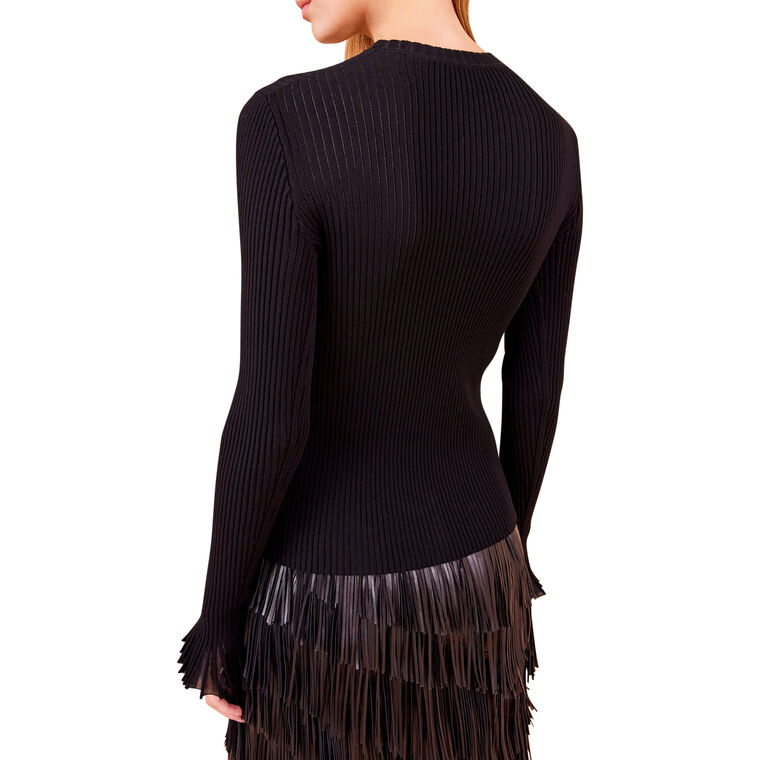 Aster Long Sleeve Rib Knit Top image number null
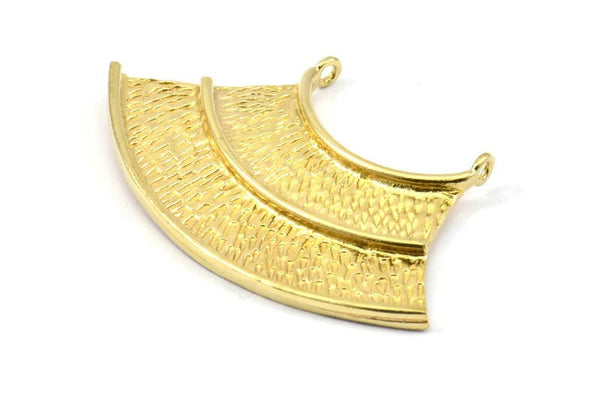 Brass Channel Pendant, 2 Raw Brass Channel Pendants with 2 Loops (48x21x1mm) U088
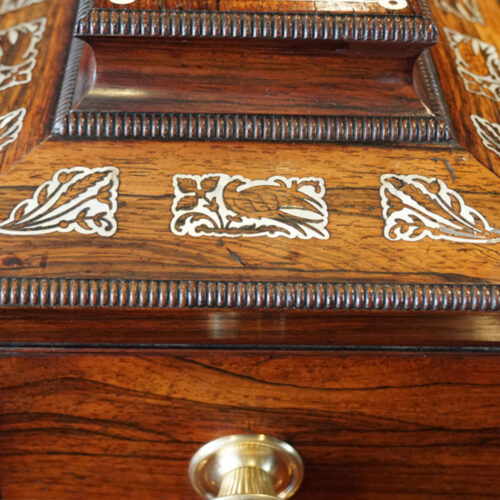 Regency rosewood sewing cabinet inlay detail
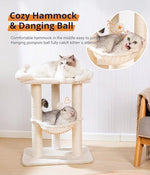 Happi N Pets 28" Cat Tree Tower in Beige, soft perch, large bed for big cats, stable & compact cat tower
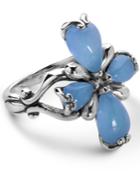 Carolyn Pollack Blue Jade Cross Ring In Sterling Silver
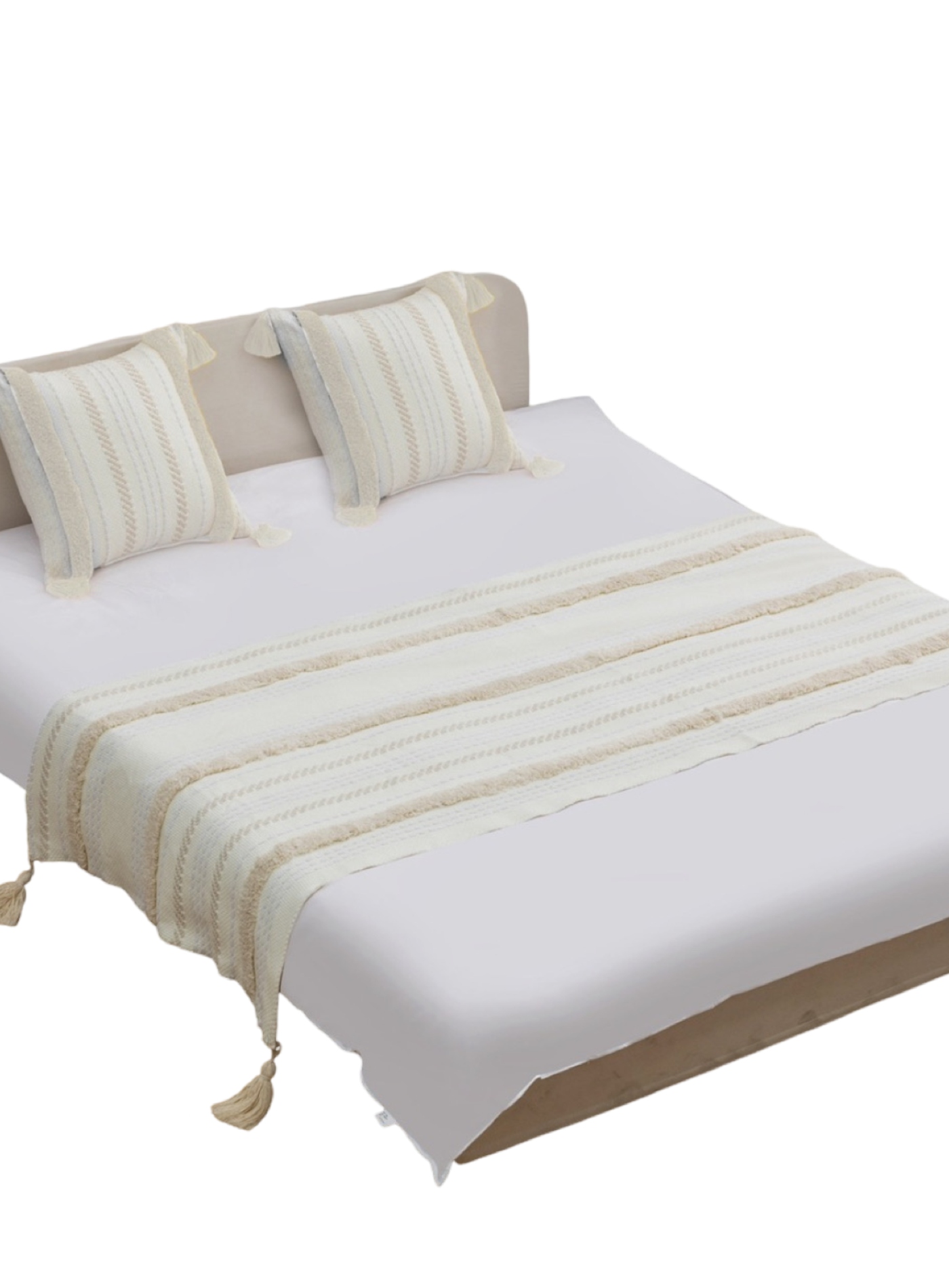 PIECERA BOHO ELEGANTE SIN FUNDAS 210 X 70 CM BEIGE - 1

^^^^^^^^^^^^^^^^

Could you please repeat the entries above exactly, with every picture left out?

- **Answer box**:
 Aster Long Sleeve Rib Knit Top image number null
 Brass Channel Pendant, 2 Raw Brass Channel Pendants with 2 Loops (48x21x1mm) U088
 Regency rosewood sewing cabinet inlay detail
 Happi N Pets 28" Cat Tree Tower in Beige, soft perch, large bed for big cats, stable & compact cat tower
 Carolyn Pollack Blue Jade Cross Ring In Sterling Silver
 PIECERA BOHO ELEGANTE SIN FUNDAS 210 X 70 CM BEIGE - 1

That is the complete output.